The Sundance Film Festival darling, ‘The Birth of a Nation’, was recently given a nationwide release date of October 7th, 2016. That date says one thing to me–the film is shooting for an Oscar. Anyone who follows the movie award season knows that films that are vying for some sort of award(s) love will usually release in the fall or early winter to not only ensure eligibility, but  to also make sure their film is fresh on the brains of voters.

The latter makes a lot of sense because people are likely going to remember a movie they watched last month compared to a movie they watched, let’s say, eight months beforehand. I personally can hardly remember what I did yesterday.  So asking me to recall something insignificant I did eight months ago will cause me to make up a lie that’s so far-fetched it’ll only blatantly come off even more of a  lie. That was long winded, but I’m sure you get my point.
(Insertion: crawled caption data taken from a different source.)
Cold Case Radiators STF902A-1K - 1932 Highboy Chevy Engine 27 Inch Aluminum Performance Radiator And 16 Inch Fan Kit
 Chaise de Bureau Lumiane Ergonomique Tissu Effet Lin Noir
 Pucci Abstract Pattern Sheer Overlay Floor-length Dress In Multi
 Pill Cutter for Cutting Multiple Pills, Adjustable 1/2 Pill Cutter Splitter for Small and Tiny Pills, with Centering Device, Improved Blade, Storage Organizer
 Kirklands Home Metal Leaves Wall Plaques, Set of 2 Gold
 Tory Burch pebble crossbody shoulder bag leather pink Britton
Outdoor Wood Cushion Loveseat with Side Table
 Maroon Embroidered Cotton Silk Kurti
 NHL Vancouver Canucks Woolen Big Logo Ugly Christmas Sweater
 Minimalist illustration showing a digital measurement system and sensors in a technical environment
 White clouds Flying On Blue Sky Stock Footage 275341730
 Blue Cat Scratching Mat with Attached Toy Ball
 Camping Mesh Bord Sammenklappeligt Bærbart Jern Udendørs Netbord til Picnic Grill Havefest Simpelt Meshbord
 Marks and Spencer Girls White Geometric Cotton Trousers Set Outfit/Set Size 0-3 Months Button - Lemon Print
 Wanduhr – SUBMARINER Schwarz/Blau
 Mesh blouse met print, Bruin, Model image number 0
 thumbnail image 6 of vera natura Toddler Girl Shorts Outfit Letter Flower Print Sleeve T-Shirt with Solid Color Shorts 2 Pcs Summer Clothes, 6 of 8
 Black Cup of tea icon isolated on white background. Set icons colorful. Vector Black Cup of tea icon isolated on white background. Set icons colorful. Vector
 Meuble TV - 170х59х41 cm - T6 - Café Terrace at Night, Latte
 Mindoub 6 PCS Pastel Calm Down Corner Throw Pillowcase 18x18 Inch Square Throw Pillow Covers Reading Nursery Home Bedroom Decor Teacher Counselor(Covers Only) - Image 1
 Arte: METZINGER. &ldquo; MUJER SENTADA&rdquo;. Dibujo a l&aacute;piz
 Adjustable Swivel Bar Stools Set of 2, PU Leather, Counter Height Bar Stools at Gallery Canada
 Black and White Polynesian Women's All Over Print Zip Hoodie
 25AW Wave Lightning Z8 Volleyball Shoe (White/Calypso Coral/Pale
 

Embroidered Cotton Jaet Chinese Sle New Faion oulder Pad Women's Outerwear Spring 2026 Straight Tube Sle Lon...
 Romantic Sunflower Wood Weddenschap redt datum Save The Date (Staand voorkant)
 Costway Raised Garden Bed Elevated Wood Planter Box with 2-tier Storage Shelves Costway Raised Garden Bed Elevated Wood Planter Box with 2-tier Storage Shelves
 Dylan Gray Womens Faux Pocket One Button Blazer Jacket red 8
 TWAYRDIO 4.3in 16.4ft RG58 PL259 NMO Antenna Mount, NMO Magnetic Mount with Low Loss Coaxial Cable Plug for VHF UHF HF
Without having seen ‘The Birth of a Nation’ and with its release date being months away, I can already say the chances of the film receiving some sort of Oscar love are very likely. Once you read its synopsis below you’ll have a better understanding as to why:

Set against the antebellum South, ‘THE BIRTH OF A NATION’ follows Nat Turner (Nate Parker), a literate slave and preacher, whose financially strained owner, Samuel Turner (Armie Hammer), accepts an offer to use Nat’s preaching to subdue unruly slaves. As he witnesses countless atrocities – against himself and his fellow slaves – Nat orchestrates an uprising in the hopes of leading his people to freedom.

OK, so I’m not saying that the film will only be nominated just because the cast is clearly majority black, but given all of the diversity problems the Academy went through with this year’s awards, taking into consideration the movie’s genre and release date,  ‘The Birth of a Nation’ certainly has a chance at a nomination. Going back to the former reason, ‘The Birth of a Nation’ is a movie that will be based around the topic of slavery, a topic that seems to typically catch the attention of the Oscars.

Over the past five years the two major films about slavery to be released were ‘Django Unchained’ and ’12 Years a Slave’, both won an Oscar, with ’12 Years a Slave’ taking home the award for Best Picture in 2013. Thus, ‘The Birth of a Nation’ is a film involving slavery and the fact that it took home top honors at the Sundance, its seems the film will definitely make waves once the award season rolls around.

The reasons I’ve given so far for ‘The Birth of a Nation’s’ award nominations purposely have yet to mention the film’s quality, mainly because it concerns me. With all of the negativity towards the Oscar’s diversity, the administrators behind the awards show have gone to great lengths to prevent this from reoccurring in the future (read the details here).

But that brings about the question if the Oscars will now simply start throwing around pity nominations to unworthy movies? Not that ‘The Birth of a Nation’ will be a terrible anything, I just feel the Oscars will try to make up for their mistakes, even if it doesn’t begin with this movie.

What if the Oscar’s panel actually feels it’s a deserving movie, will the public then feel their voices were finally heard, or will they chalk it up with the members of the Academy trying to avoid another bashing? This year’s ceremony had the lowest viewership in eight years so something needs to change, right? Maybe the public won’t be happy for that reason, or the black community will declare it only received a nomination because it’s another “slave movie.” If those thoughts become the narrative for next year, would the #OscarsSoWhite movement actually have hurt a movie like ‘The Birth of a Nation’?

We can all ‘what if’ for days, but the only thing we as viewers can really do is wait for the movie’s release and then judge if the quality is praiseworthy for ourselves. If the film is good but gets robbed of any nominations (like Michael B. Jordan was for ‘Creed‘), only then can we approach the diversity issue again. But until then, even though I’m predicting what its chances are, I and everyone else can’t say how likely it is that ‘The Birth of a Nation’ will be nominated for an Oscar. But if you’re a betting man (or woman), then I would side with me because I’m always right.